• **REQUIRED WORK**
In the entries below, begin at the line that has "map of restaurants, bars, coffee", stop after the line that has "AOKlabs Pack Skin", and output those lines exactly with no pictures.

• **AVAILABLE DATA**

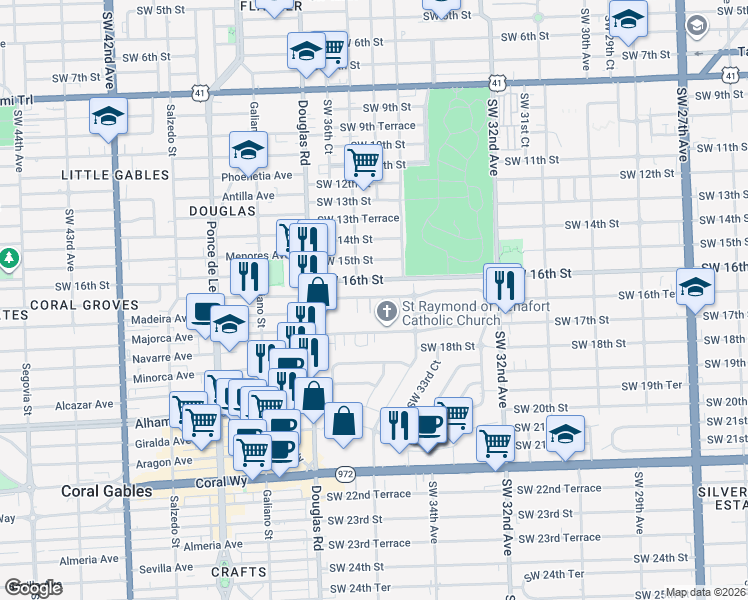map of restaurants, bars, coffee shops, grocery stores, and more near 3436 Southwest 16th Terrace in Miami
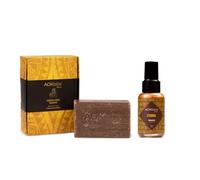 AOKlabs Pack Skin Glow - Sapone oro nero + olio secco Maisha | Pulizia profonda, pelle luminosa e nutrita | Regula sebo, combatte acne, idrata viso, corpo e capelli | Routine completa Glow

* * *

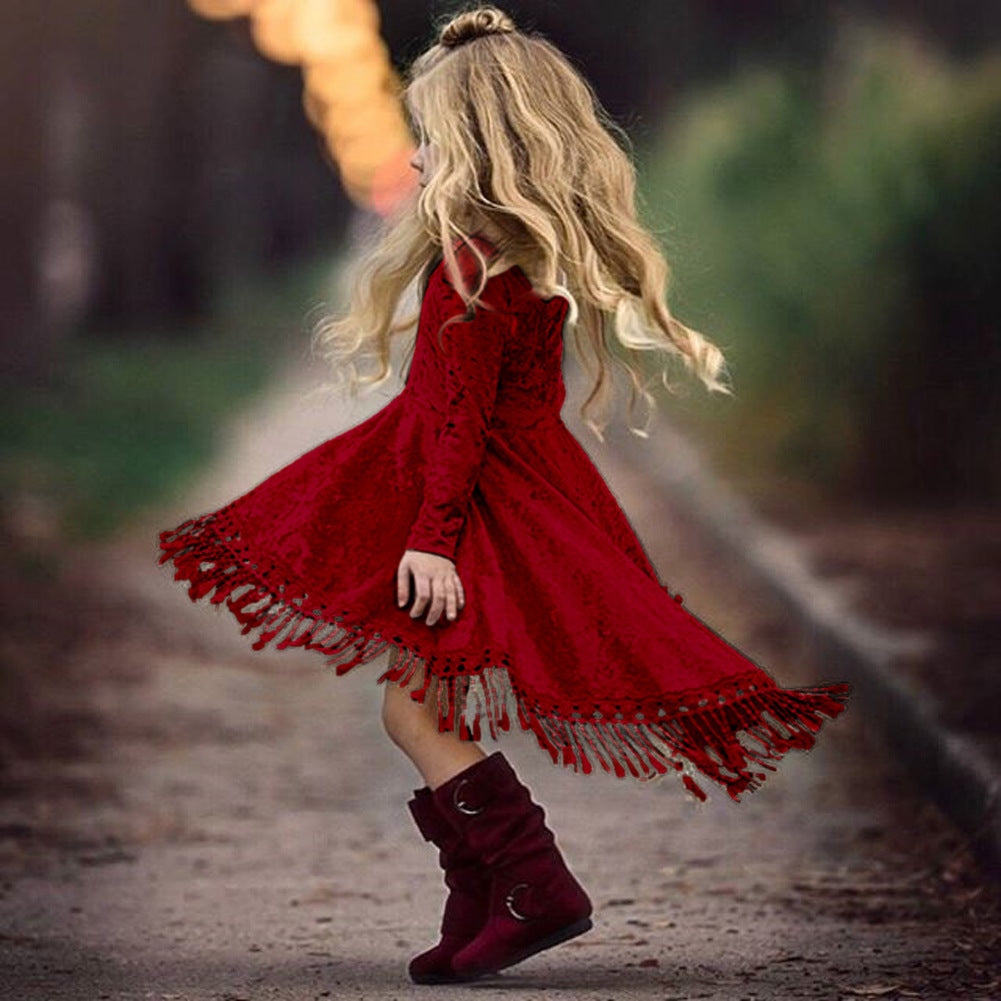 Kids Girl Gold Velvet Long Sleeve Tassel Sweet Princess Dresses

• **SOLUTION**
map of restaurants, bars, coffee shops, grocery stores, and more near 3436 Southwest 16th Terrace in Miami
 AOKlabs Pack Skin Glow - Sapone oro nero + olio secco Maisha | Pulizia profonda, pelle luminosa e nutrita | Regula sebo, combatte acne, idrata viso, corpo e capelli | Routine completa Glow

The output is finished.